Resource Name          process session holds waits  process session holds waits

TX-00080005-0000070d        13      69     X             16      67                 X

TX-00060003-0000074b        16      67     X             13      69                 X

session 69: DID 0001-000D-00000210      session 67: DID 0001-0010-000001B5

session 67: DID 0001-0010-000001B5      session 69: DID 0001-000D-00000210

We can see the following here:
SID 69 holds the lock TX-00080005-0000070d in X mode
SID 69 waits for TX-00060003-0000074b in X mode

SID 67 holds the lock TX-00060003-0000074b in X mode
SID 67 waits for TX-00080005-0000070d in X mode

You will also notice that the waits are always in 'X' mode. This means that we are dealing with row level locks. The other possibilities will be shown in the next blog. Please note that in case of values not equal 'X', totally different analysis methods are necessary.

Rows waited on:
Session 67: obj - rowid = 0000B8EA - AAALjqAAGAAAWN9AAC
  (dictionary objn - 47338, file - 6, block - 91005, slot - 2)
Session 69: obj - rowid = 00006367 - AAAGNnAAGAAAqpGAAl
  (dictionary objn - 25447, file - 6, block - 174662, slot - 37)

This is very important information. First of all, we can determine which objects are involved:

SQL> select object_name, object_type from dba_objects where object_id = '47338';
 
SFLIGHT TABLE 

SQL> select object_name, object_type from dba_objects where object_id = '25447';

NRIV TABLE

From an application point of view, it is perhaps also help full to investigate the affected rows:

select * from sapnw2.sflight where rowid = 'AAALjqAAGAAAWN9AAC';

select * from sapnw2.nriv  where rowid = 'AAAGNnAAGAAAqpGAAl'


Information on the OTHER waiting sessions:
Session 67:
  pid=16 serial=459 audsid=-1 user: 0/SYS
  O/S info: user: nw2adm, term: pts/1, ospid: 31488, machine: nwtest
            program: sqlplus@nwtest (TNS V1-V3)
  application name: sqlplus@nwtest (TNS V1-V3), hash value=0
  Current SQL Statement:
  update sapnw2.sflight set price = '150' where carrid = 'LH'
End of information on OTHER waiting sessions.

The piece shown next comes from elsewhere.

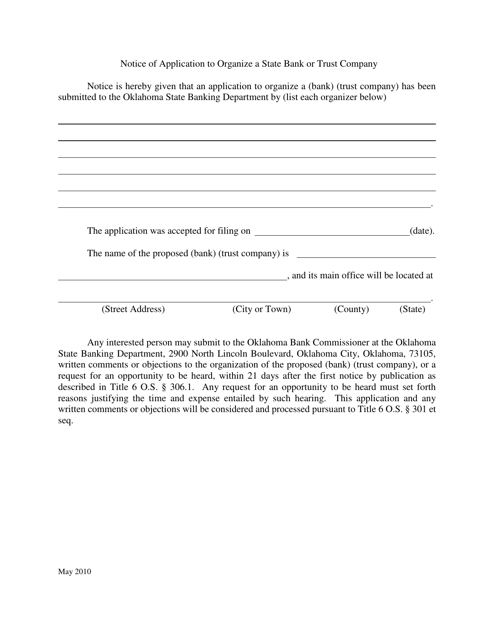 Notice of Application to Organize a State Bank or Trust Company - Oklahoma Download Pdf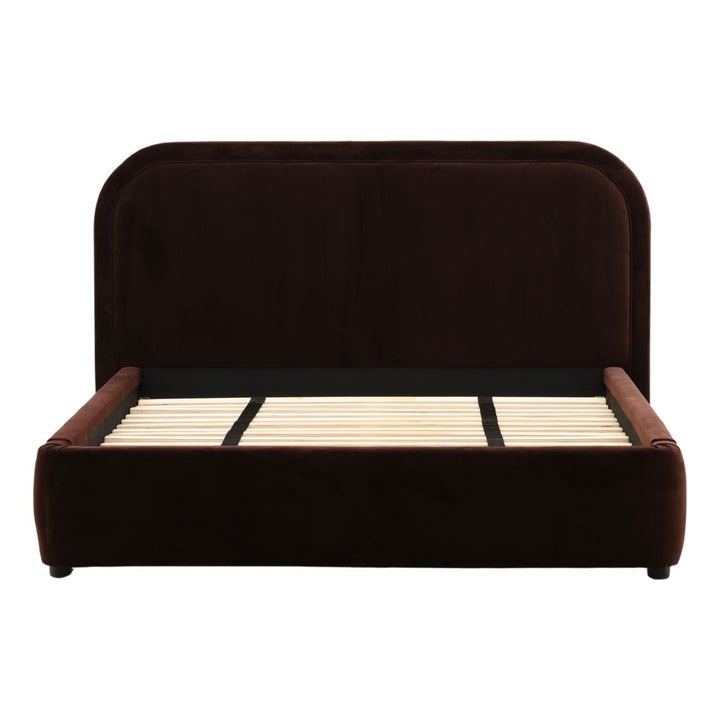 Aria Velvet and Boucle Bed, Queen · Chocolate Velvet, front view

Only when knowing both sides of the problem, you can draw the complete picture. When it comes to SAP environments, this means the following:

  • The session that was terminated because of the ORA-00060 will generate a short dump (ABAP - Transaction ST22) or a Call Stack (JAVA - Server log). This would reveal one of the involved programs/transactions.
  • The session that continues because the other transaction was rolled back due to the deadlock is not immediately known to us. But the 'application name' part of the 'OTHER waiting sessions' section is populated with the name of the ABAP program / JAVA class that is responsible for the problem too. Of course, since my test case was done via sqlplus, this is not too helpful.
What can I do now?
  • In case one of the two sides involve customer own coding, get in contact with the responsible developer and forward the information that you have extracted from the deadlock graph to him.
  • In case SAP standard coding is involved, open a customer message on the  marketplace. 
    Very important: Open the message on the component to which one of the affected programs belongs, not on the component BC-DB-ORA. This kind of problem (deadlock due to row level locks) can only be investigated from an application perspective.
    Update your problem description with the information extracted from the deadlock graph.